NEZAHUALCOYOTL, Mexico (Reuters) - Mexicans lined up to vote for a new president on Sunday, with many hoping for a shake-up of the status quo by choosing an anti-establishment leftist whose pledge to clean up politics has resonated widely after years of violence and corruption.
Opinion polls before the election showed a double-digit lead for Andres Manuel Lopez Obrador, a former Mexico City mayor expected to inject a dose of nationalism into government and sharpen divisions with U.S. President Donald Trump if he wins.
Lopez Obrador, 64, would be the first leftist president in decades in Mexico, Latin America’s No. 2 economy, if he ousts the ruling centrist Institutional Revolutionary Party (PRI). His administration would also offer a political realignment after years of rule by centrist technocrats.
Runner-up in the 2006 and 2012 elections, he pitched himself as the only man capable of restoring faith in democracy after disenchantment grew after years of patchy economic growth and soaring levels of drug-related violence.
Long lines formed outside schools and community centres, where voters complained that previous governments have failed, particularly the administration of outgoing President Enrique Pena Nieto of PRI, who has struggled to contain crime and corruption.
Even if they were not sure about Lopez Obrador, many said he was better than his rivals, and offered a fresh start.
“In truth, I don’t think any of them are worth much, but it’s better (to pick Lopez Obrador), who is a useful vote against the PRI,” said 22-year-old student Eugenia Gonzalez, as she waited to vote in the Mexico City suburb of Nezahualcoyotl.
“I think this has been the worst administration in many years, and far from improving things, the security situation, corruption, they’re worse than ever,” she added.

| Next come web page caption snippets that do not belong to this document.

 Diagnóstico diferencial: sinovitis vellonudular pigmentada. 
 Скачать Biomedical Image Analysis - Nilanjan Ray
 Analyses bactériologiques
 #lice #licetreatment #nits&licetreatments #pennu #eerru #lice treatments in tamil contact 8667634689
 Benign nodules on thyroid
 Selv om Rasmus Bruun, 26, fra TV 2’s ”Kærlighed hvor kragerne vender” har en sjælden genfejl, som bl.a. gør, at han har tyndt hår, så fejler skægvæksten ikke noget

Mexico suffered its most violent year in recent history in 2017, and murders are still rising. A fragmented criminal landscape has prompted drug cartels to expand into fuel theft and extortion.

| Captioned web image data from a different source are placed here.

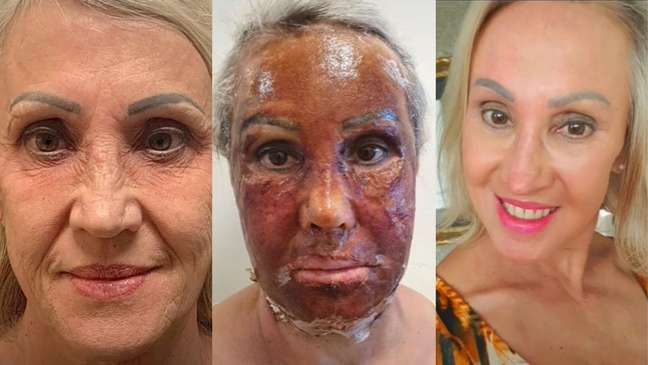Phenol peeling: understanding the advantages and disadvantages of the procedure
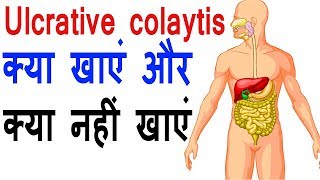 ulcerative colitis  क्या खायें क्या न खायें  Pet men sujan ka gharelu upay  desi nuskhe [upl. by Ahtela]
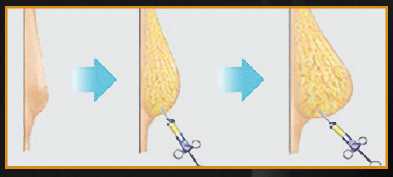 Fat transfer illustration esprit® cosmetic surgeons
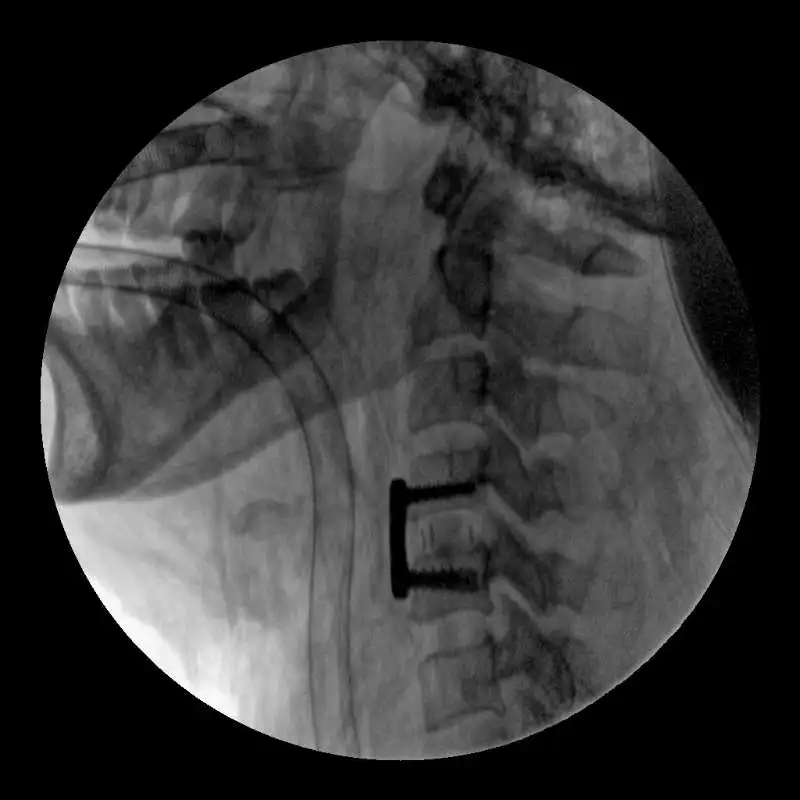 PLX 7200 3D image intensifier High Frequency dental digital sensor x-ray system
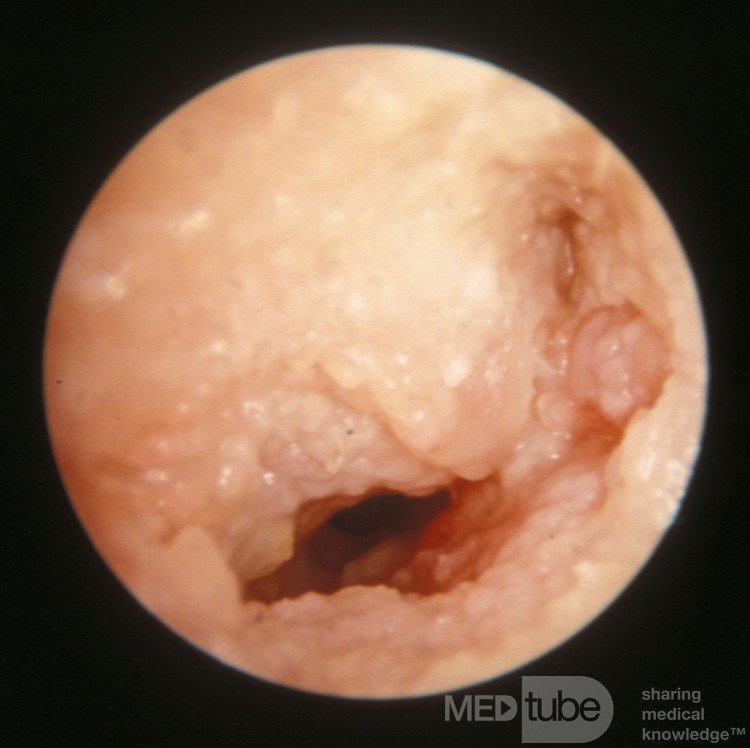 Carcinoma de células escamosas del conducto auditivo externo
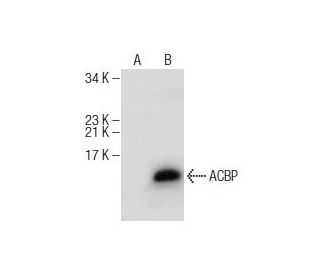 ACBP Antibody (C-9) - Western Blotting - Image 159768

Since the campaign began heating up last year, at least 145 politicians and activists have been murdered. Most of them have been blamed on gangs trying to influence elections.
Just before casting his vote, Lopez Obrador, or AMLO as he is known, called for a national reconciliation after the election to end the bloodshed.
“With all my heart, I want today’s election to take place without violence,” Lopez Obrador said, smiling and flashing a victory sign at the polling station south of Mexico City where he arrived 40 minutes before it opened.
Seeking support from economic nationalists, leftist liberals and social conservatives, Lopez Obrador has been vague on policy details. But he vows to reduce inequality, improve pay and welfare spending as well as run a tight budget.
The law bars Pena Nieto from seeking re-election. His popularity crumbled as his name became tainted by investigations into alleged conflicts-of-interest and embezzlement scandals engulfing top PRI officials.
Lopez Obrador has spent 13 years campaigning around Mexico but has been a divisive figure since bringing much of the capital to a standstill for weeks with demonstrations to protest his 2006 election loss. His criticism of the government’s economic agenda has been tempered by business-friendly aides.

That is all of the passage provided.